Recent Posts (page 58 / 70)

January 24, 2020 by Leon Rosenshein

The Wisdom Of James Mickens

Ex-Microsoft, Harvard prof, Distributed Systems Guy, Philosopher? James has been in the business of computer science and thinking about computer science for a long time. Besides doing the work he's been writing about the work. Whether it's about the life of pointer math coding systems programmer (The Night Watch) or protecting yourself from the Mossad (This World of Ours) or the dream of the web (To Wash It All Away). he gives cynical, humorous, and honest insights into some of the things we deal with every day. Take a look. There's a lot to see and think about.

January 23, 2020 by Leon Rosenshein

Hofstadter's Law

"Hofstadter's Law: It always takes longer than you expect, even when you take into account Hofstadter's Law"

Let's be honest. Estimation is hard. It doesn't matter if you're talking about digging a ditch, building a house, doing year end perf feedback, or planning a sprint, let alone a whole software project. We estimate and we get it wrong, over and over again. There are lots of good reasons for it. From rocks, roots, and pipes where you want the ditch to shifting software requirements, you don't know what you don't know until you know it. Then there are the psychological aspects.

The Planning Fallacy, which says we don't consider past examples when we make estimates and that we ignore hidden complexities, can lead us to underestimation. Even when we take that into account, there's Optimism Bias, which says the future will be better than the past. So again, we under-estimate.

So what's a poor software developer to do? First and foremost, be aware of your own biases. Second, make sure you understand what you're estimating. How much like something else is it really? How significant are the differences? What are the external influences that are going to bend the design halfway through? Third, use your history. If you (and your team) are always 25% under, don't change anything (NB: This is hard. You'll want to reduce the estimate so the adjusted number looks right. Resist), just add 25%. Fourth, break things down. If you can't break it down into smaller tasks you don't understand it. If you don't understand it the unknown unknowns will kill you.
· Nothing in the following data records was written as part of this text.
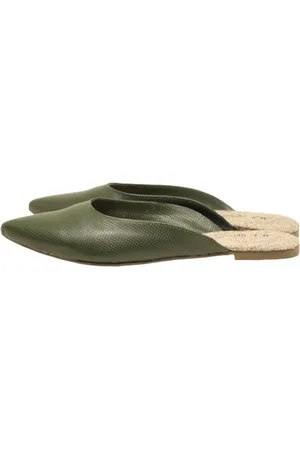 Spinelli Mule Bico Fino em Couro Salto Baixo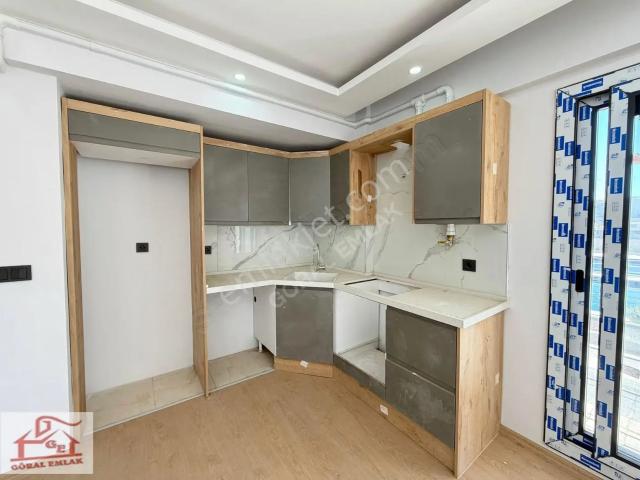 Göral Emlak'tan Havuzlu Site'de Kiralık 1+1 Daire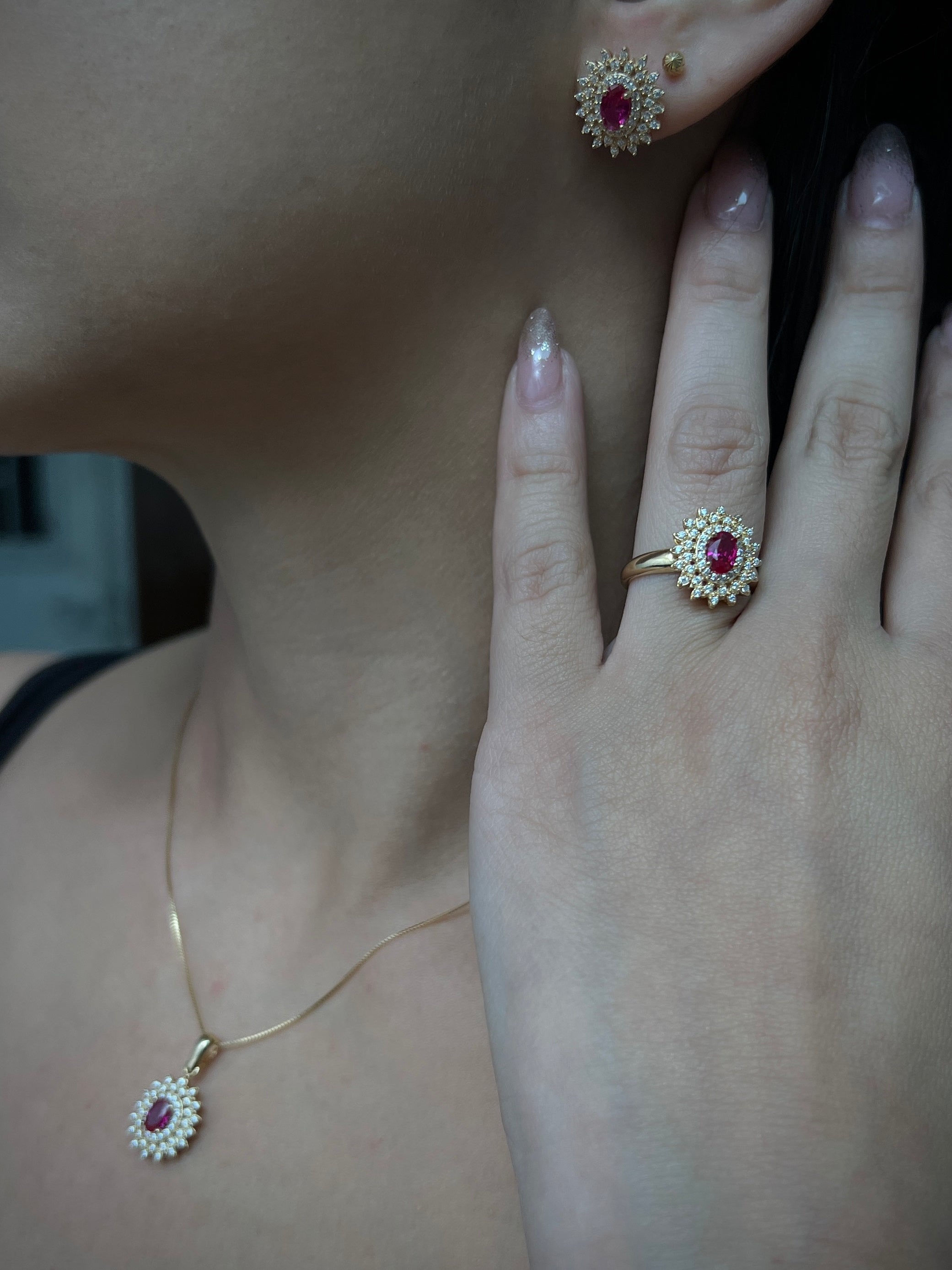 Topos Ovalado Con Swarovski Central Fucsia Y Laterales Blancos 4.35gr / Largo 1.4cm / Oro Amarillo Nac M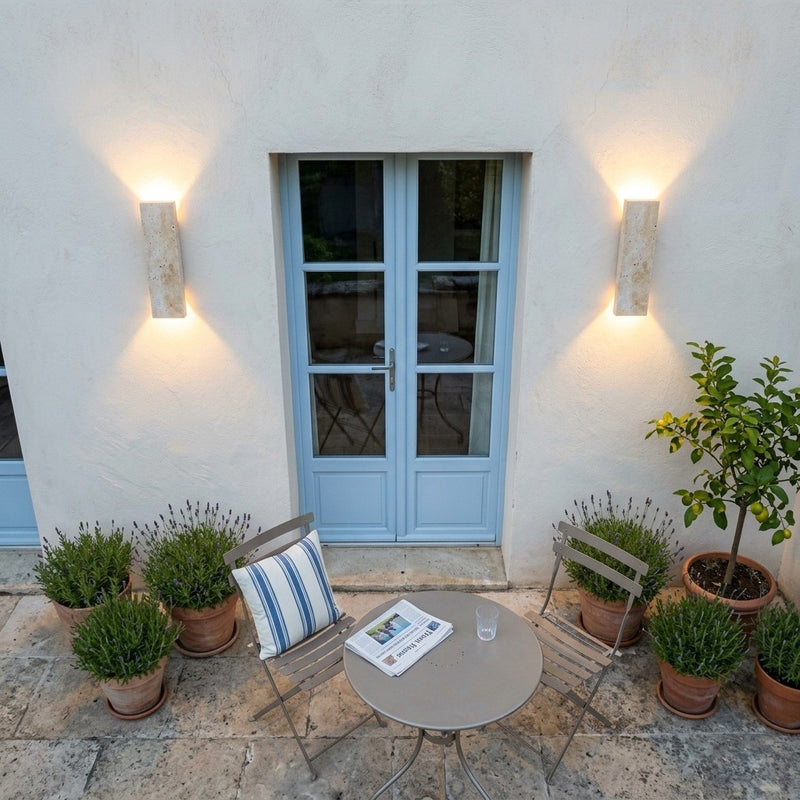 Applique murale intérieur et extérieur, travertin, LED 18 W - sol terrasse volets bleus
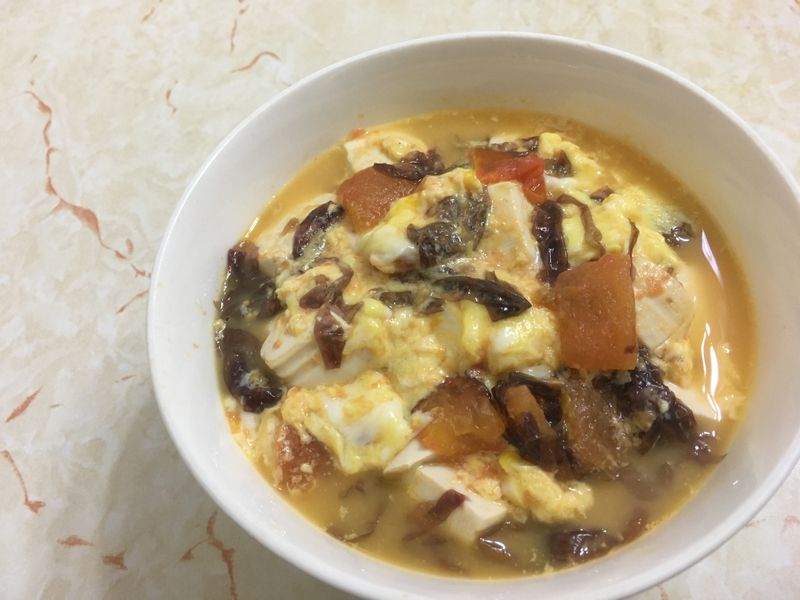 番茄豆腐紫菜蛋花湯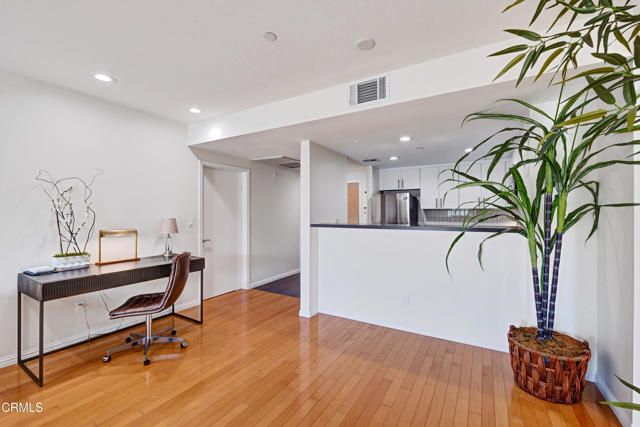 159 W Green Street 408, Pasadena, CA 91105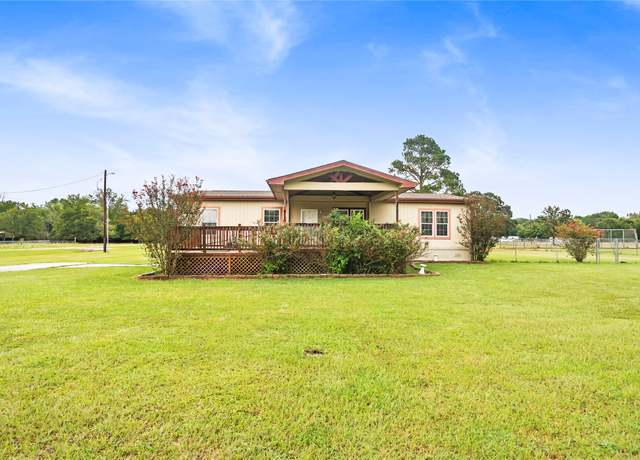 Property at 14 Hummingbird Ln, Huntsville, TX 77320, 3 beds, 2 baths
Finally, avoid feature creep, or at least acknowledge it and add some time to the schedule for every addition/change/update to what you're doing. Sure, that new idea is important, and you should probably do it, but it will take time, so account for it.

January 22, 2020 by Leon Rosenshein

Surprise And Delight

You read about how you should always surprise and delight your customer, but really, you just want them then be delighted. And they really shouldn't be surprised to be delighted. An unexpected new feature they like is OK, but really indicates a failure to properly market the new feature and create demand. The flip side of surprise is when your customer expects something to work and it doesn't.

There are lots of ways that can happen. Some are accidents or outside of our control, like when a worker violates safety protocol then shorts 5 MW to ground blows all the transformers for your new DC. Others could have been predicted in retrospect, like when a new dataset is sufficiently different from the usual ones that it causes some processing to fail. The final kind is when you know it's going to happen, but you still surprise your customers.

That last kind happens, but it really never should. I'm not saying that you can't make breaking changes or that you can't do heavy maintenance with downtime, just that your customers shouldn't be surprised. And that's called Change Management. There are lots of ways to do it. In the physical world there are whole departments dedicated to managing the change management process, from the reason for the change through the scheduling and implementation of it. If you need to make a change to a multi-million dollar production line you better have a pretty good idea of what you're doing.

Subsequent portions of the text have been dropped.